As one might have expected, the Catalonia problem is getting problematic. Spain HQ aka Madrid is gearing up to take away Catalonia’s powers in some sort of direct rule power-play. No rebellions allowed!
After an emergency cabinet meeting on Saturday morning, Rajoy said he was invoking article 155 of the constitution to “restore the rule of law, coexistence and the economic recovery and to ensure that elections could be held in normal circumstances”. The speaker of the Catalan parliament, Carme Forcadell, called the measures a “de facto coup d’etat”.
… Citing the Catalan government’s “conscious and systematic rebellion and disobedience”, Rajoy said Carles Puigdemont’s government would be stripped of its powers and its functions would be assumed by the relevant ministries in Madrid …

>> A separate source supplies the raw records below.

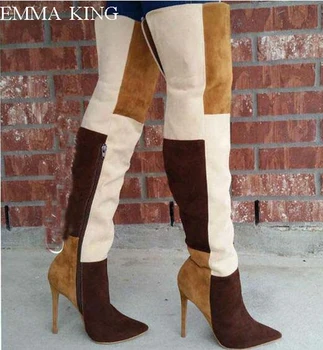 

Botas Mujer 2019 Fashion Multi Colors Pointed Toe Thigh High Boots Sexy High Heels Over Knee Boots Nightclub Stage Shoes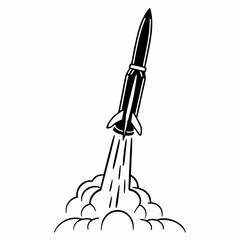 Vector art of a rocket ship launches into space with smoke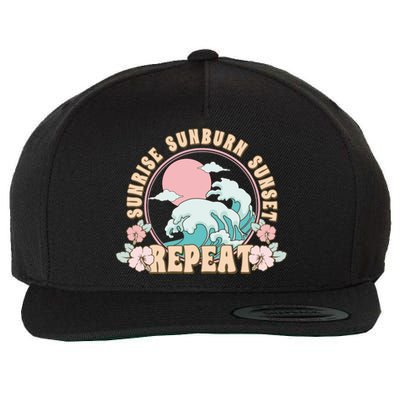 Sunrise Sunburn Sunset Repeat Beach Day Vacation Sea Ocean Gift Wool Snapback Cap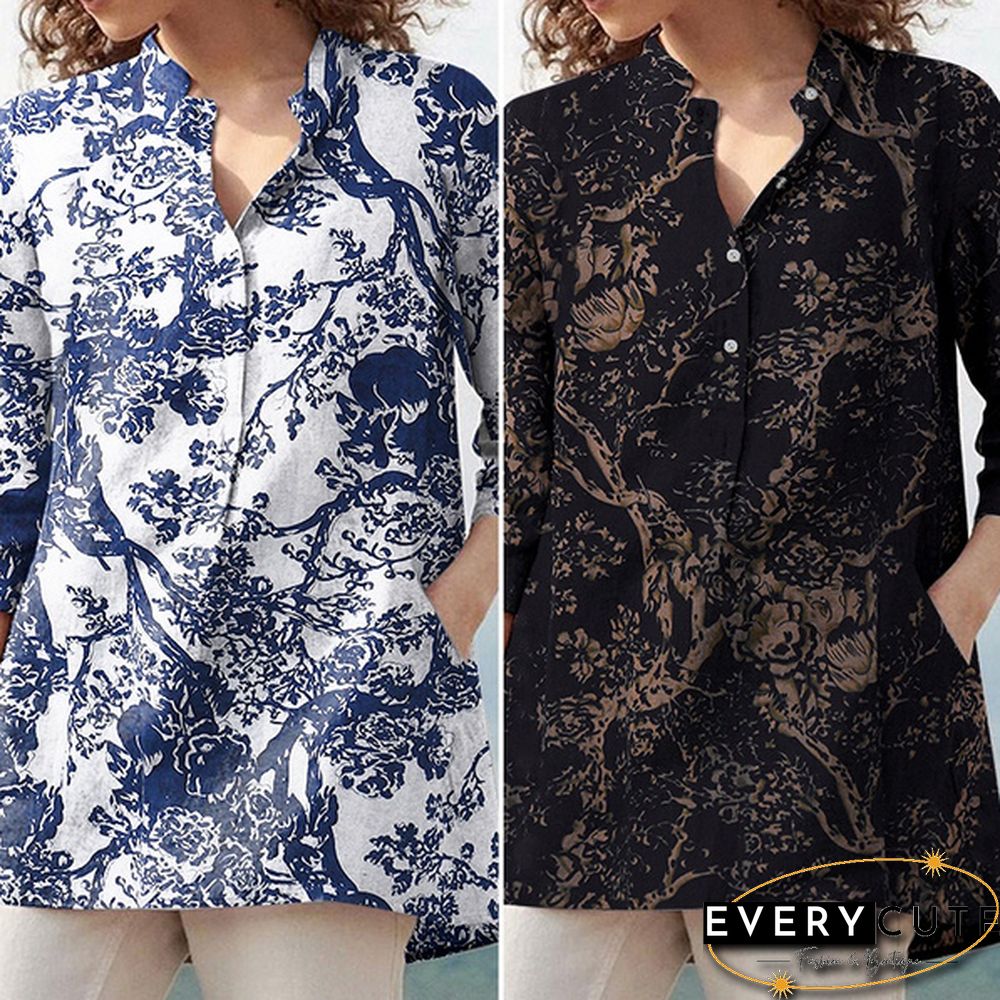 Womens Fashion Casual Cotton Top Autumn Floral Print Neck Sleeve Baggy Retro Shirt Blouse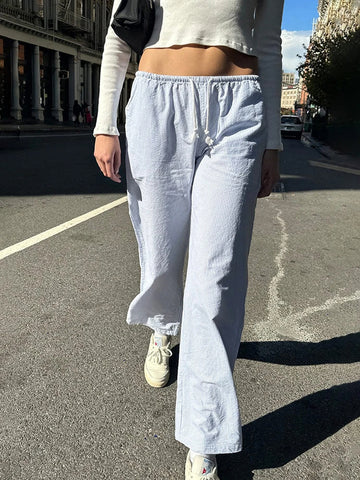 Sonicelife Sweet Pink Striped Drawstring Wide Leg Pants Women Casual High Waist Simple Streetwear Cotton Bottoms Vintage Y2K Loose Trousers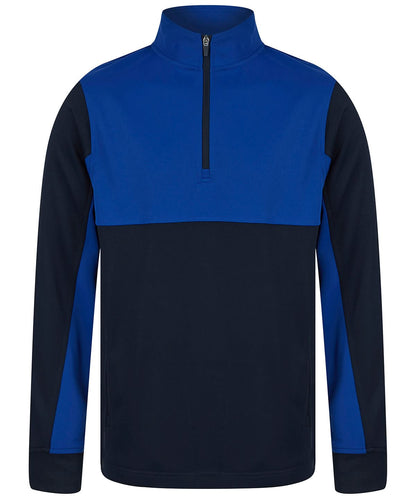 Finden &amp; Hales Adults o Zip Tracksuit Top LV874 - Navy Royal - Customisable Trackwear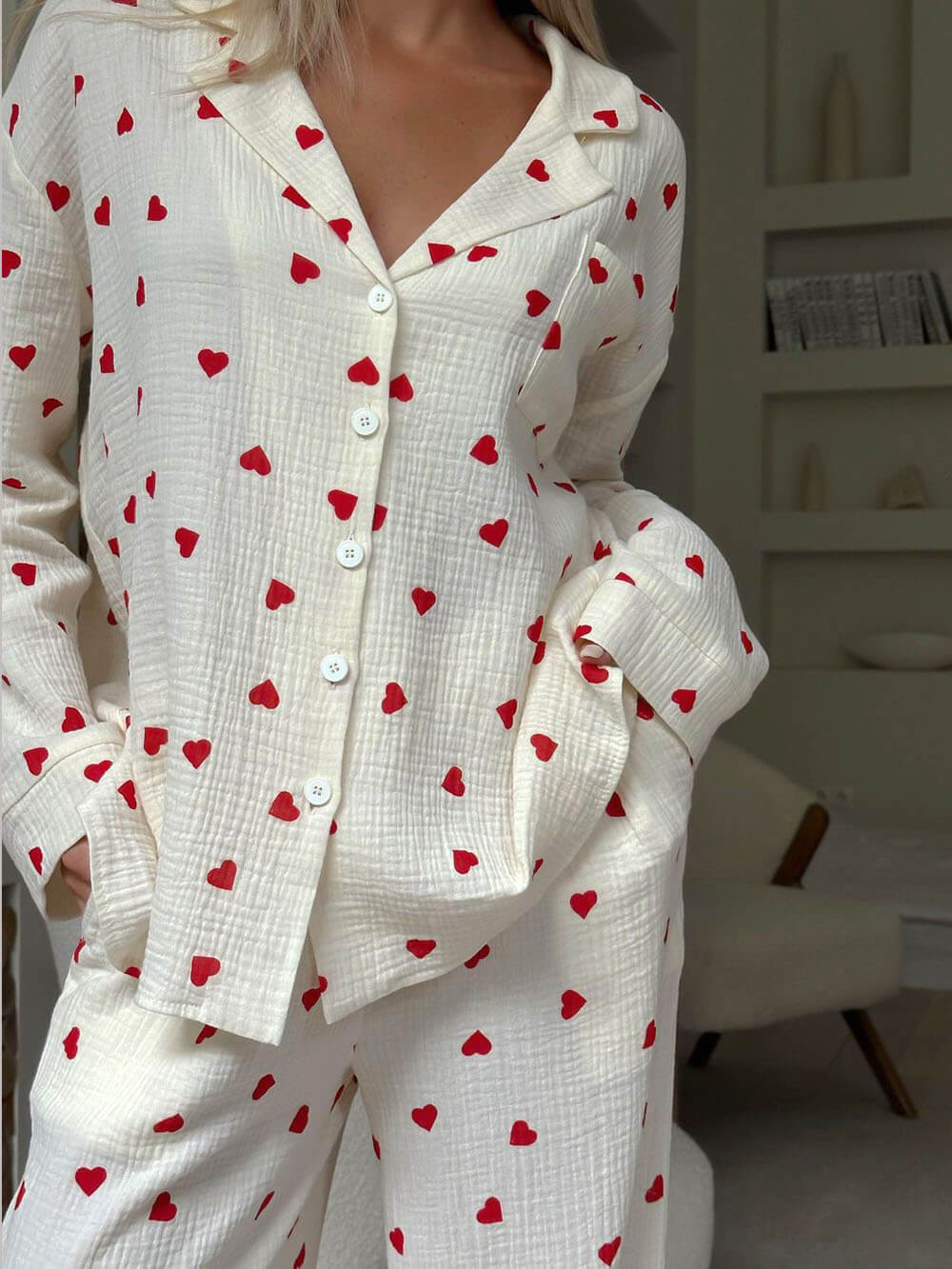 Zweiteiliges Pyjama-Set mit Herzmotiv - Rainey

“We are not ending Catalan autonomy but we are relieving of their duties those who have acted outside the law,” he said.
So let’s answer some more questions.
Could Catalonia be a country?
This one takes us to First Principles of both international law and negotiation.
The Ur-First Principle of international law and diplomacy as a whole is that states exist, or they don’t. When you get a space where its statehood is contested (most notably Kosovo, but there are other examples), the situation is messy and unhappy.
Why would anyone serious invest in a territory whose very legal identity is at best unclear? Passports? Membership of key international organisations? What are we dealing with here? Interminable arguing over this sort of thing is wearying for the world and seriously weakens the ‘state’ concerned, just when it needs to be focusing on doing well.
This is no accident. Statehood carries with it all sorts of responsibilities, even if in practice the rulers of many states ignore them. So states that currently exist keep a beady eye on the possibility of creating new states. What sort of precedent is going to be set in both outcome terms and process terms?
Yes, the Catalans might make a decent case that they have the right to self-determination under international law. But if their case is accepted, what about Chechens and Tatars and Kurds and scores of other territorially defined minorities who might fancy their chances of going it alone? Under optimal conditions lots of countries will be cautious here, and we do not have optimal conditions.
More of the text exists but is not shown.